Ein „Knutschfleck“ als Straftat
Unter die Kategorie „Absurditäten“ der Rechtsprechung gehören zwei Beschlüsse des Amtsgerichts Erfurt und ein Beschluss des Landgerichts Erfurt, die vom Bundesverfassungsgericht im Wege einstweiliger Anordnung mit Beschluss vom 23. Januar 2013, Az. 2 BvR 2392/12, ausgesetzt wurden.
Ein 14-jähriger Junge hatte eine 13-jährige Klassenkameradin am Hals geküsst, so dass ein sogenannter „Knutschfleck“ entstand und ihr darüber hinaus mehrfach mit seinen Händen an das bedeckte Geschlechtsteil gegriffen. Deshalb war er vom Amtsgericht Arnstadt wegen sexuellen Missbrauchs von Kindern verwarnt worden.
Was den Knutschfleck angeht, mag man davon halten, was man will, es ist jedenfalls so entschieden worden. Damit ist die Geschichte aber nicht zu Ende. Das Amtsgericht Erfurt hat aufgrund dieser Verurteilung gemäß § 81 g StPO die Entnahme und molekulargenetische Untersuchung von Körperzellen des Jungen angeordnet, damit die Eigenschaften in die DNA-Analysedatei eingestellt werden. Auch das Landgericht Erfurt befand dies als rechtens und verwarf die Beschwerde.
Die dagegen gerichtete Verfassungsbeschwerde hat jetzt erstmal dazu geführt, dass die Vollziehung der Entscheidung ausgetzt wurde, da sich das Amtsgericht und Landgericht Erfurt nicht mit dem Vortrag des Jungen auseinander gesetzt hatten, dass er erst 14 Jahre alt war und die Handlungen aus seiner Sicht auf gegenseitiger Zuneigung beruhten, weshalb eine jugendtypische Tat vorgelegen habe, die keine erhebliche Bedeutung gehabt hätte. Mehr dazu auch unter den Beiträgen der Kollegen Maximilian Steinbeis und Udo Vetter.

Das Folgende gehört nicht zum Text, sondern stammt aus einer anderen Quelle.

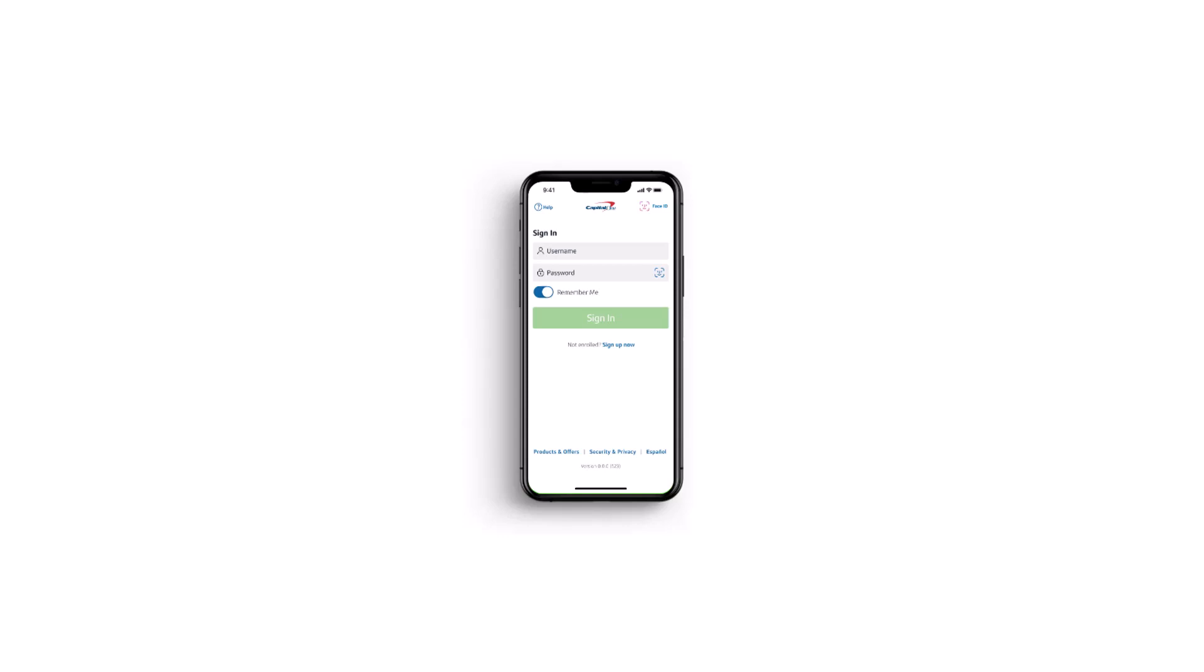How to activate your Capital One debit card. Hey everyone, welcome back to another tutorial video. In today's video, I'll show you how you can activate your Capital One debit card.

Vor ein paar Jahren hatten wir mal einen ähnlichen Fall. Unserem 17-jährigen Mandanten wurde die Berührung des Geschlechtsteils und Knutschflecken bei einem 13-jährigen Mädchen vorgeworfen. Das zum Zeitpunkt der Hauptverhandlung 14-jährige (und inzwischen somit strafmündige) Mädchen korrigierte dann aber in der Hauptverhandlung ihre polizeiliche Aussage: es hatte gar keine Berührung des Geschlechtsteils gegeben.
Der Richter überlegte dann allen Ernstes, ob das Verfahren wegen des Knutschfleckes fortgesetzt wird. Die Staatsanwaltschaft war allerdings mit mir der Meinung, dass man nicht wegen einer derartigen Lappalie weiter verhandeln sollte und das Verfahren wurde eingestellt.